WHAT THE EXERCISE ASKS> In the entries below, find the lines that contain the word "wearing" and copy them.

DATA>
/---
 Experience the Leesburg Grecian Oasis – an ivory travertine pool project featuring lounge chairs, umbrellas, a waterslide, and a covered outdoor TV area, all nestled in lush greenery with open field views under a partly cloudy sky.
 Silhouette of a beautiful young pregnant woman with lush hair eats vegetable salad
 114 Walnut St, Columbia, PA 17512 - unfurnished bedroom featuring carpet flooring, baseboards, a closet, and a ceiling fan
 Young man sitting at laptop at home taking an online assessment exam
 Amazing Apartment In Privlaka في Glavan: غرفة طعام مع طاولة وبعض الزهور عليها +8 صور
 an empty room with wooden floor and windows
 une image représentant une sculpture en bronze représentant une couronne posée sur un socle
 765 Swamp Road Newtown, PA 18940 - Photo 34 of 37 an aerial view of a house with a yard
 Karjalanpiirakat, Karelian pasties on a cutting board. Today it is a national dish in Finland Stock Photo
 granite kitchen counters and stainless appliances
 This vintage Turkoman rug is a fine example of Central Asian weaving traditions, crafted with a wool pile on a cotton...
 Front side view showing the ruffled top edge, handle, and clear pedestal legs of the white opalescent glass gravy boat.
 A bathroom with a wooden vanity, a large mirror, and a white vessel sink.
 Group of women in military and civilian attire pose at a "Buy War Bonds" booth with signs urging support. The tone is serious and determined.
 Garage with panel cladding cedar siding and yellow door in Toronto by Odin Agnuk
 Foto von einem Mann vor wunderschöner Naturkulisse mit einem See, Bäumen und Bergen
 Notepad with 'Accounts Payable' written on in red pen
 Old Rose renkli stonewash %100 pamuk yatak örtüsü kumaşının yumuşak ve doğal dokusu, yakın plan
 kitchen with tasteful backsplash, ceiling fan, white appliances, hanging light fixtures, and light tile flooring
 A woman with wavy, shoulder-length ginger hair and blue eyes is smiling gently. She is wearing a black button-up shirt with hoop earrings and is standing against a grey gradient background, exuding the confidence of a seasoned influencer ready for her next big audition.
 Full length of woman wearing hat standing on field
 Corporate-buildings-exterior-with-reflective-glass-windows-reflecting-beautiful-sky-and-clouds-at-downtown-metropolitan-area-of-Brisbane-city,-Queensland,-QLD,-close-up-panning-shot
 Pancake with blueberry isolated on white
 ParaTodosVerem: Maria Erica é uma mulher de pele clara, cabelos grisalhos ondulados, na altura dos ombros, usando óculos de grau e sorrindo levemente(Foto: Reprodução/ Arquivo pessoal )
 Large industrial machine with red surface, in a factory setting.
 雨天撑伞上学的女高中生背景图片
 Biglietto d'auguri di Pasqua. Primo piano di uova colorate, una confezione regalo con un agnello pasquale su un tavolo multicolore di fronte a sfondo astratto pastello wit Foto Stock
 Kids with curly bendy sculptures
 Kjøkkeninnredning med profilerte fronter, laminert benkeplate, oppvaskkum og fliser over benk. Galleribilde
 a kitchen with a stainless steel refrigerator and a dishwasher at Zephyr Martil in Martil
\---
OUTPUT>
 A woman with wavy, shoulder-length ginger hair and blue eyes is smiling gently. She is wearing a black button-up shirt with hoop earrings and is standing against a grey gradient background, exuding the confidence of a seasoned influencer ready for her next big audition.
 Full length of woman wearing hat standing on field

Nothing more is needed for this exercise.